I am not sure if this has been mentioned/talked about elsewhere but as of now the the inlining optimizer is only available for Scala 2.12/Scala 2.13. While Dotty/Scala has the new inline keyword, this is only for manual optimization where as the advantage of the Scala 2.12/2.13 optimizer is that it goes through the entire codebase looking for cases that makes sense to inline (i.e. megamorphic calls) without developers having to manually figure out what needs to be inlined and what not.
Are there any plans to add this functionality to Scala 3 and if so is there a chance that it would be backported to Scala 3.3 LTS?
I’m far from expert in this area, just curious to understand: in the docs you linked, under “Motivation” there is a link to a 2015 talk video by @lrytz outlining the “problem”, which itself references older blogs going back to 2011. It certainly sounds like a pretty compelling need, based on Lukas’s explanation.
Approximately, the problem is with highly “megamorphic” virtual calls like function apply() that call tiny snippets of code in hot loops.
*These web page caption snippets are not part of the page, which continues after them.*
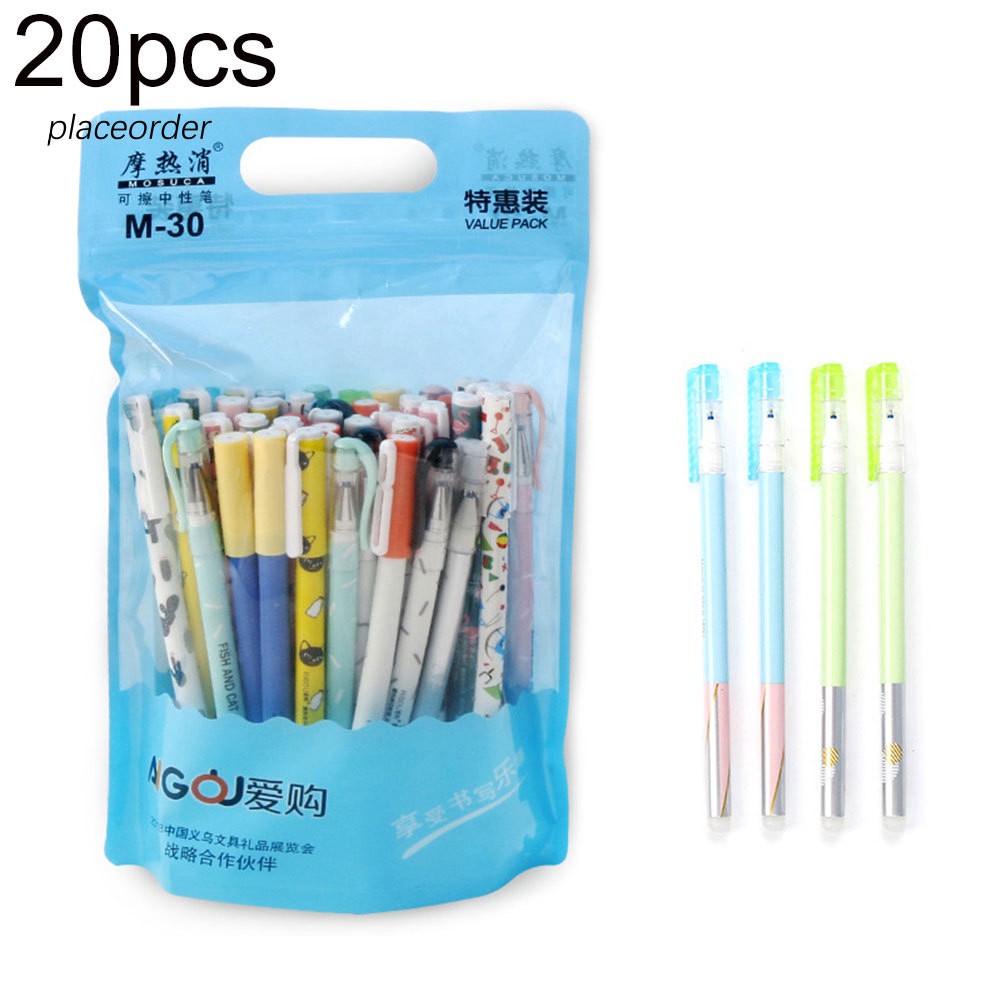 [Hàng mới về] 10/20Pcs 0.35mm Animal Black Blue Ink Magic Erasable Gel Pen School Stationery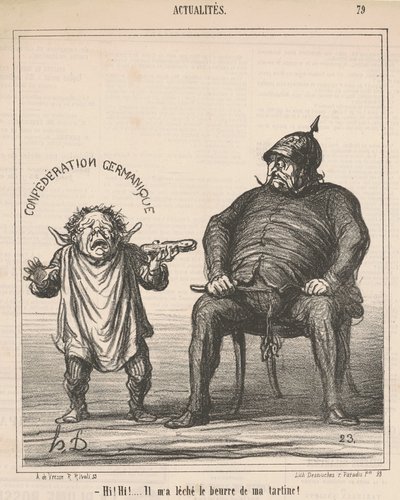 Hi! hi! ... Hij heeft de boter van mijn boterham gelikt door Honoré Daumier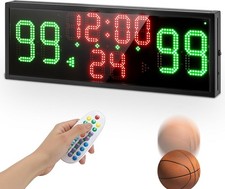 Ultra-Bright Cordless Basketball Scoreboard with Built-in Rechargeable 2430D R1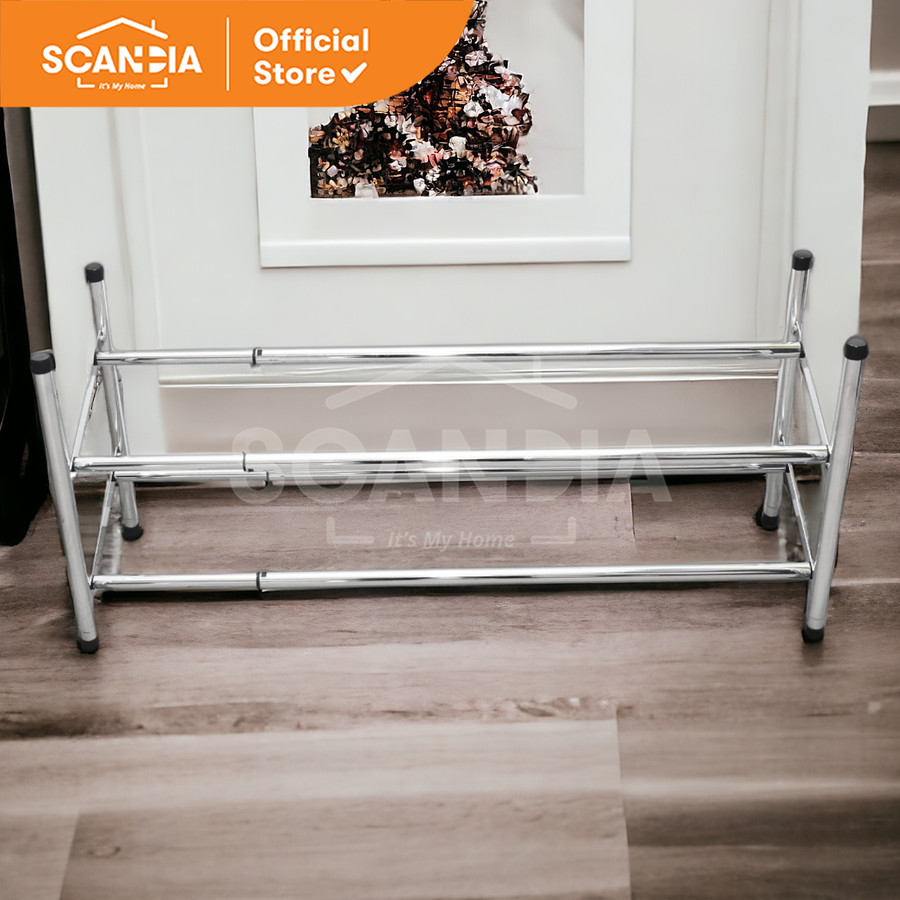 SCANDIA Rak Sepatu Shoe Rack Expandable Sjov 63-116x22,5x35,5Cm Silver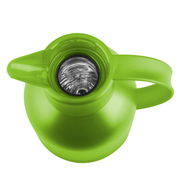 Isolierkanne SAMBA in hellgrün aus der Vogelperspektive, mit offenem Deckel und sichtbarem Innenraum.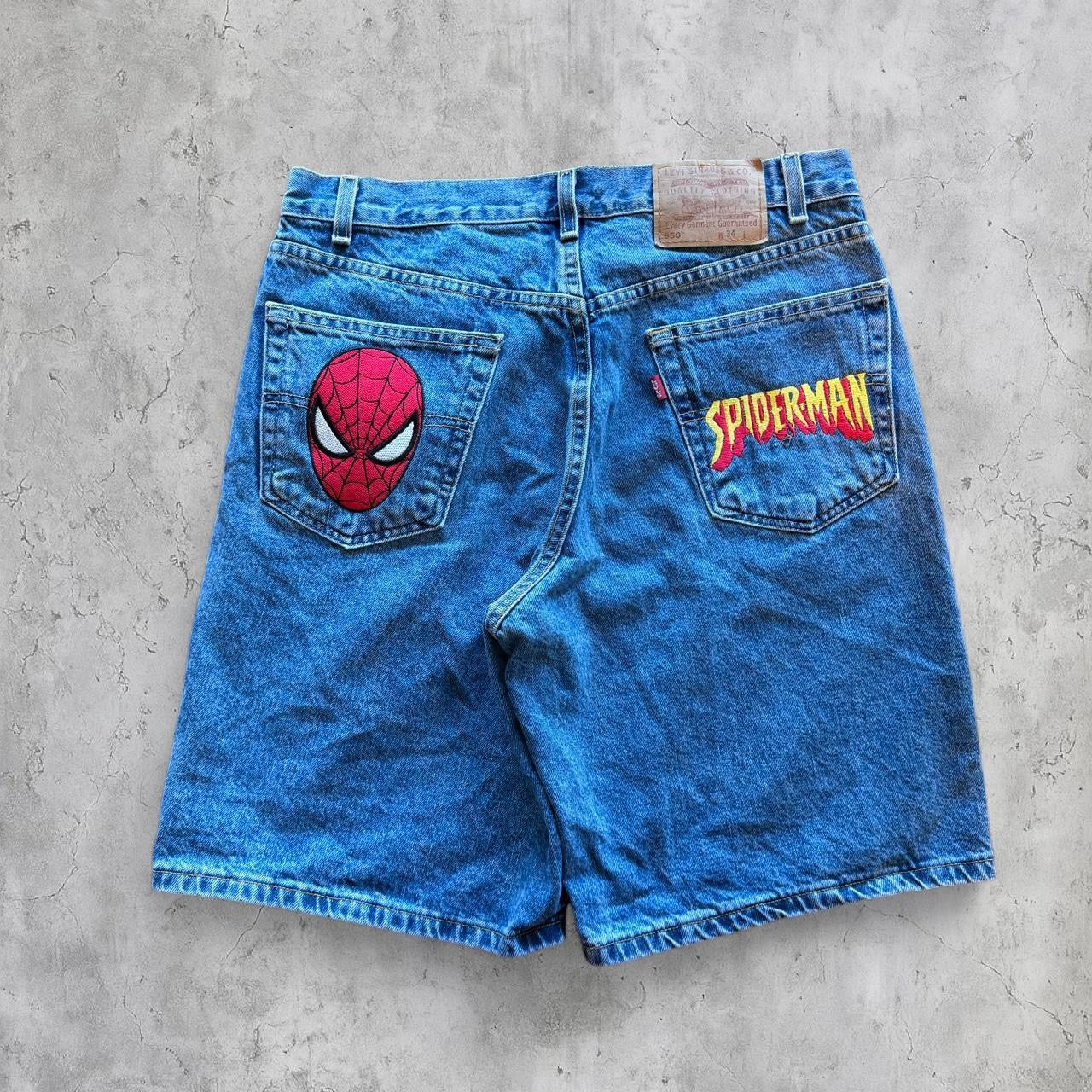 (34) 2000s Levi’s Spider-Man embroidered jorts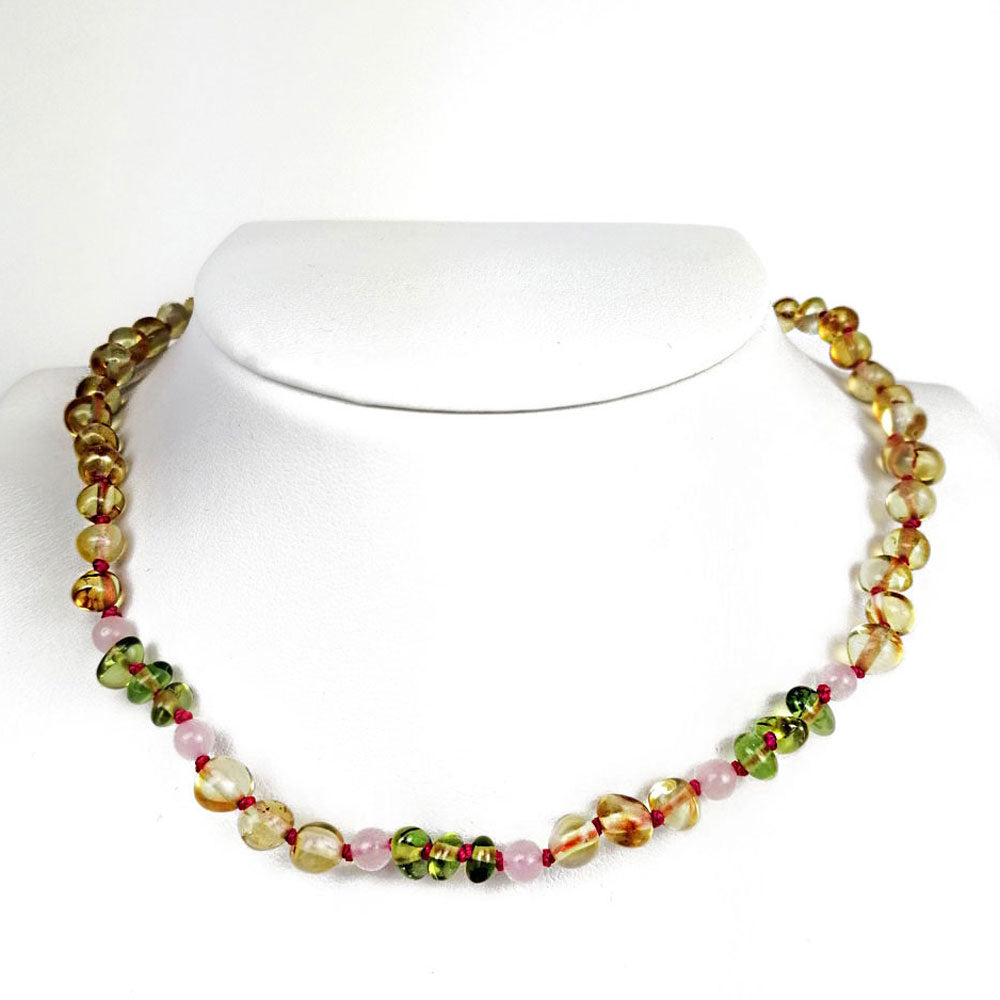 "KIDDO" Lemon & Green Amber Baroque Beads Baby Necklace - Amber Alex Jewelry
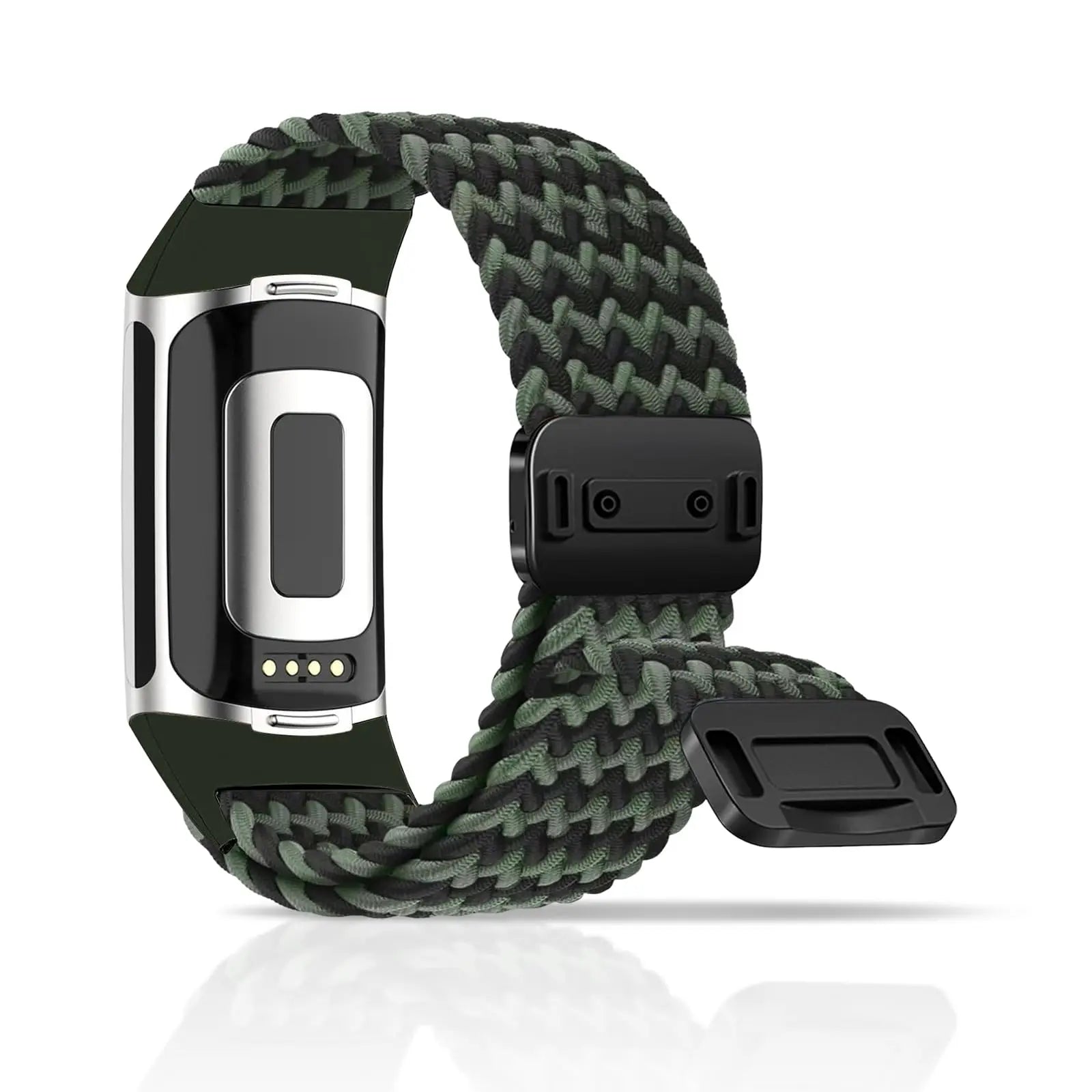 Fitbit Charge 5 6 braided band in green with magnetic buckle, perfect replacement strap for smartwatch.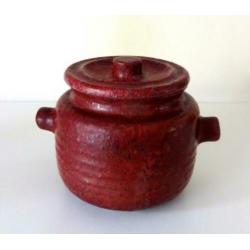Keramiek pot met deksel roodbruin gemêleerd Mobach 6751-k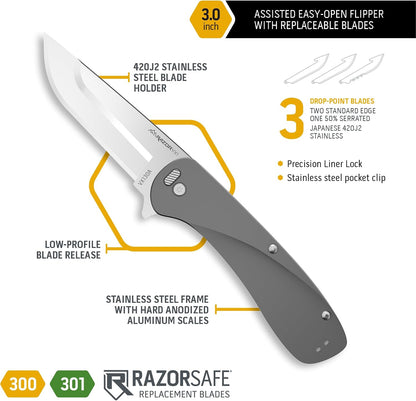 RAZOR VX1 | Replaceable Blade EDC Folding Pocket Knife | 3" Stainless Blade, Gray Anodized Aluminum Handle, Reversible Pocket Clip | Outdoor, Camping, Survival, Utility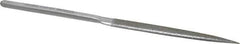 Strauss - 8-1/2" OAL Medium Half Round Needle Diamond File - 1/2" Wide x 5/32" Thick, 4-3/8 LOC, 126 Grit - First Tool & Supply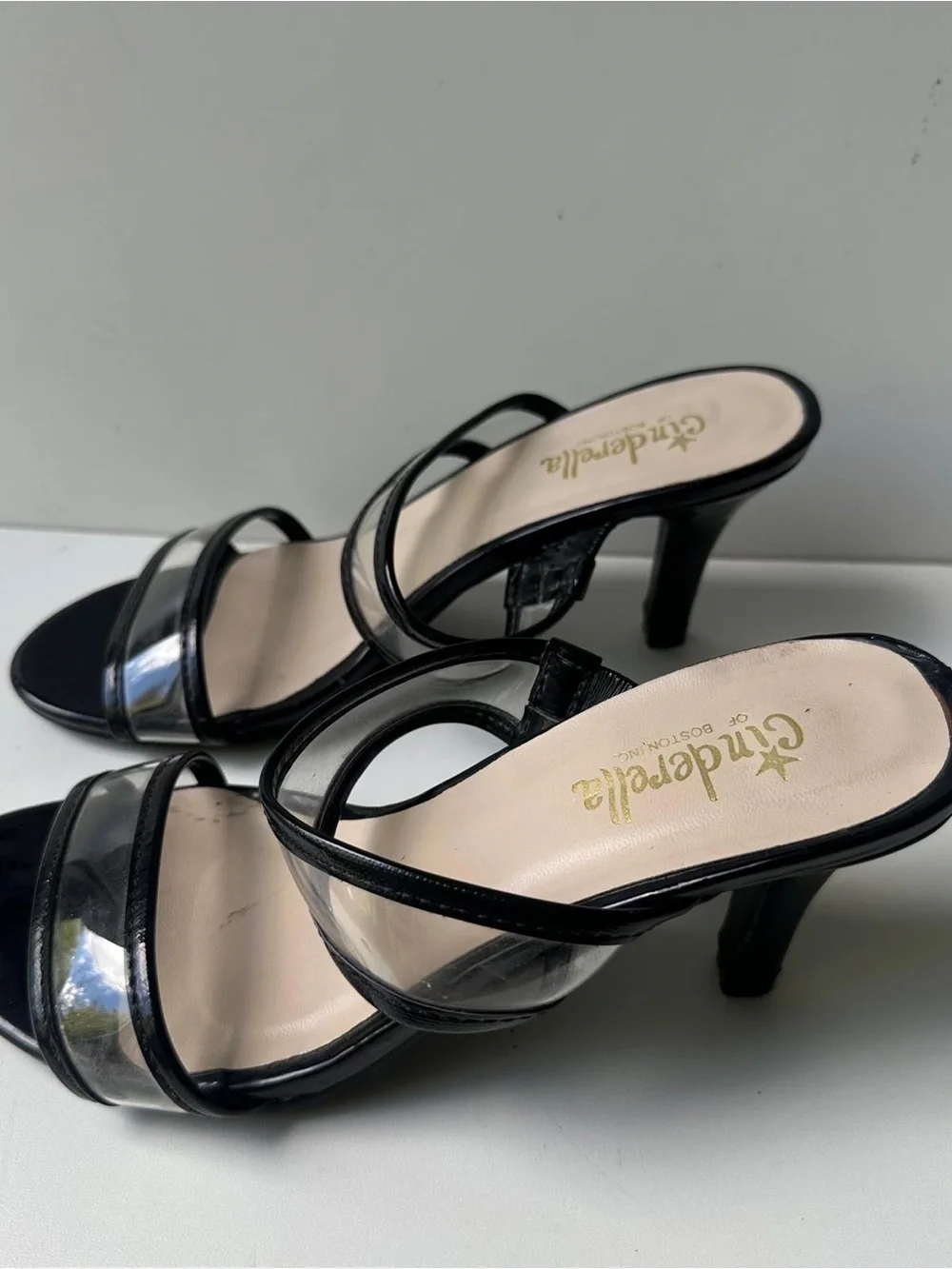 Cinderella of Boston Black Clear Strap Mule Heels Women's Size 4.5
If these were inlined, the virtual call overhead could be eliminated.
I’m just wanting to confirm whether the need for inline still exists a decade later, or whether improvements in the runtime mean the problem is less acute now?
GraalVM (I mean the JVM with new JIT implementation written in Java, not Graal Native Image) is a lot better than HotSpot in finding inlining chains that eliminate megamorphic callsites. These improvements are partially available in CE, fully only in EE.
The 2.12 / 2.13 optimizer implementation is independent of the compiler’s frontend representation (Types / Symbols / ASTs), it works on the bytecode representation. Some metadata that is useful for the optimizer but not represented in the bytecode is stored in classfiles as a separate attribute (InlineInfoAttribute). This allows the optimizer to work with classfiles without looking at the “pickle”, the serialized symbol table (what would be Tasty on Scala 3).
This setup would allow adding the optimzier to the Scala 3 compiler relatively easily.
The code could also be used as a basis for implementing a compiler-independent optimizer (linker). I believe this would be a better way forward because the linker can make a closed-world assumption. This makes many more methods effectively final (methods that don’t have any overrides in the code being optimized), which enables inlining. Also unused code / classes can be removed, which makes more methods effectively final.
For Scala 3, a linker based on Tasty is also a viable option.
I do recall that the new GraalVM jit is a lot better at detecting megamorphic callsites but I don’t think its wise to rely on EE because that doesn’t send the best message.
Ideally the Scala 3 compiler should produce the most optimial bytecode for the platforms it supports and that I would presume would be in OpenJDK/CE for JVM.
Porting the Scala 2 optimizer is on our things to do list. Nothing is scheduled yet, we are still in the stage where we look for someone who could do it.
This whole-world optimizer and linker looked quite promising. But I’ve never ever heard again about it. Almost like it evaporated into thin air…
I guess something like that could be really interesting in places where performance is king—and you usually can’t use any abstractions because of that. Such a powerful optimizer would let one write high level code even in the HPC context. Scala was once¹ targeted explicitly towards HPC applications. But Scala could become only a first-class choice in this field if abstractions were free.
Zero cost abstractions are one of the strongest selling-point for Rust. I’ve heard rumors that people are leaving Scala for Rust… So embracing and extending Rust’s current advantages would be a smart move!
To my highest enjoyment I’ve also heard Scala is going to take inspiration from the overly praised error handling in Rust. That’s so exciting. Can’t wait for the results. Wise decision! But why not take some more inspiration from Rust’s good parts and its selling points?
I am really looking forward to a Scala with zero cost FP capabilities! Such a language is long overdue.
It’s time for disrupting innovation. Scala should lead once more also on that ground.
That is welcome news. I recall when experimenting with Graal EE (EE specifically and only) that it seemed to eliminate much of the performance impact arising from boxing of primitives. Presumably, that runtime’s optimizations are able to “unbox” primitives in many cases and avoid heap allocation.